Took the niece and here to younguns to visit their Geepaw who is hibernating in his RV in Aransas Pass.  

Whew! Just got back in today and I am wore out from fighting those winds we've been getting in front of the northers!  I'm still rockin' in my office chair.


----------



## H2H1 (Mar 25, 2008)

Re: de winterizing

WELL GLAD YOU ARE BACK SAFE AND SOUND :laugh:


----------



## Guest (Mar 25, 2008)

Re: de winterizing

yea ,, right he's rocking from watching those oil well pumps go up and down  :laugh:  :laugh:  :laugh:  :laugh:  :laugh:   
Hey welcome back Tex ,, hope u had a good trip  :approve:  :approve:  :approve:  :approve:  :approve:


----------



## DARLING (Mar 25, 2008)

Re: de winterizing

You see who is running up & dowm the road don'y ya?  The one with all the money :laugh:  :laugh: 
Darlin


----------



## TexasClodhopper (Mar 26, 2008)

Re: de winterizing



Yeah, I discovered a new bank, Darlin.

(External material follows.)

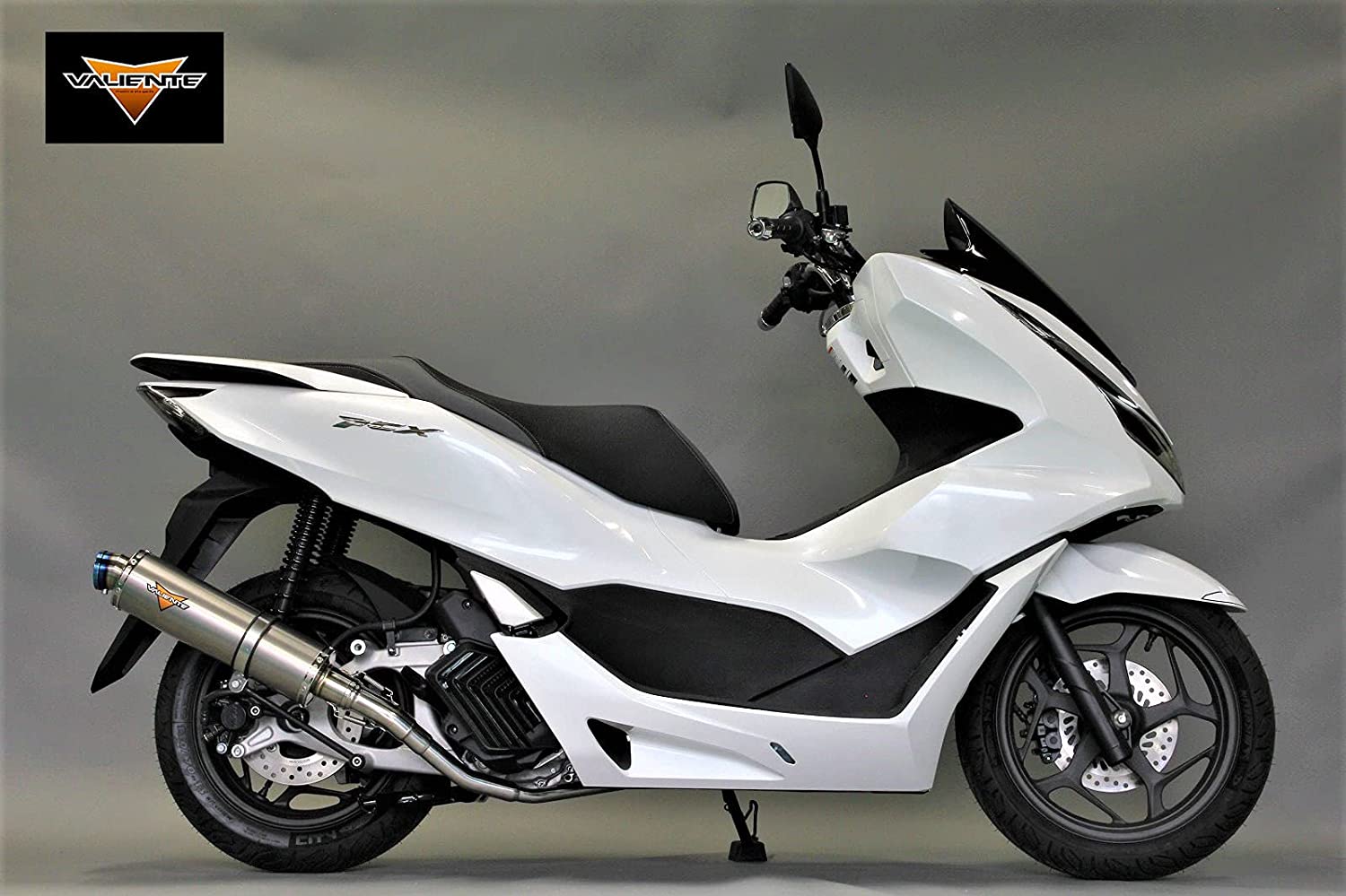 Valiente PCX125 バイクマフラー 2BJ-JK05 8BJ-JK05 アレグリア チタンソリッドマフラー シルバーカラー フルエキ フルエキゾースト カスタム パーツ ドレスアップ 交換 社外品 重低音 バリエンテ ホンダ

Ya put yer money in the tank. 

(Be aware that your mileage will vary and past history is never an indicator of future fuel costs!)


----------



## DARLING (Mar 26, 2008)

Re: de winterizing

And the dividends is all the FAMILY time. :laugh: 
Darlin


----------



## dggreer (Mar 27, 2008)

RE: de winterizing

Just got done flushing and sanatizeing, aired the tires ,checked oil and ready to go. need to get my better half to load food and needed items and I am gone. At least with all the storms comeing thru the area if powe goes out I am all set.   :bleh:


----------